For the jury it was a wash. Its members believed that neither side had proved adultery so no divorce was granted. Gertrude remained married to Colin, in name only, until his death in 1895 from tertiary syphilis at the age of 42. An obituary noted that he lived “neither wisely nor well.”
Sparkling Lady Campbell
While Lord Colin Campbell vanished from society until he turned up dead in Bombay, his wife became a darling of London’s artistic community. She was close friends with George Bernard Shaw who called her a goddess. Shaw wrote of her: “Imagine a lady with a lightning wit, a merciless sense of humour, a skill in journalism surpassing that of any interviewer, a humiliatingly obvious power of reckoning you up at a glance, and probably not thinking much of you …”
But, the incurable syphilis kept returning, and she finally succumbed to the disease in 1911 at the age of 54.
Her obituary in The New York Times said “She was not only distinguished as a writer and art critic, but painted and sang well and was accomplished in sports. In fencing she was recognized as one of the best women experts.”
There was no effective cure for syphilis until penicillin came along in 1947. Early treatments involved bloodletting and bathing in herbs and wine. Then, mercury was thought to be effective but, of course, it caused death by mercury poisoning for some patients. Derivatives of arsenic were equally ineffective.
Leo Tolstoy, Vladimir Lenin, and Adolf Hitler are all suspected of having syphilis. The list of those who died from the disease includes: Al Capone, Oscar Wilde, Paul Gaugin, Friedrich Nietzsche, Franz Schubert, and Henri de Toulouse-Lautrec.
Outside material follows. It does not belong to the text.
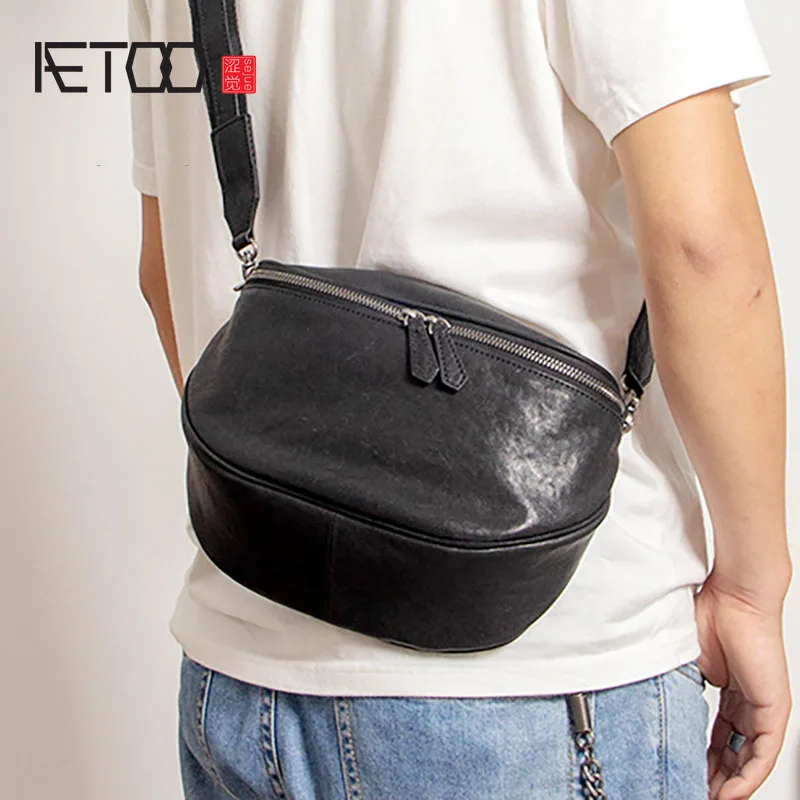 Поясная Сумка AETOO мужской модный кожаный бумажник полукруглая сумка на одно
“What the Butler Saw” is a generic term in Britain to describe machines set up, mostly at holiday resorts, which showed saucy images that amounted to voyeurism. They took their name from the testimony of a butler in the Campbell divorce trial who claimed to see, through a keyhole, Lady Campbell frolicking on the floor with a male companion.
- “Campbell Versus Campbell, In The Divorce Of The Century.” Ciaran Conliffe, headstuff.org, July 10, 2016.
- “Love Well The Hour.” Anne Jordan, Matador, December 2010.
- “Campbell Divorce Case.” paperspast.natlib.govt.nz, November 1886.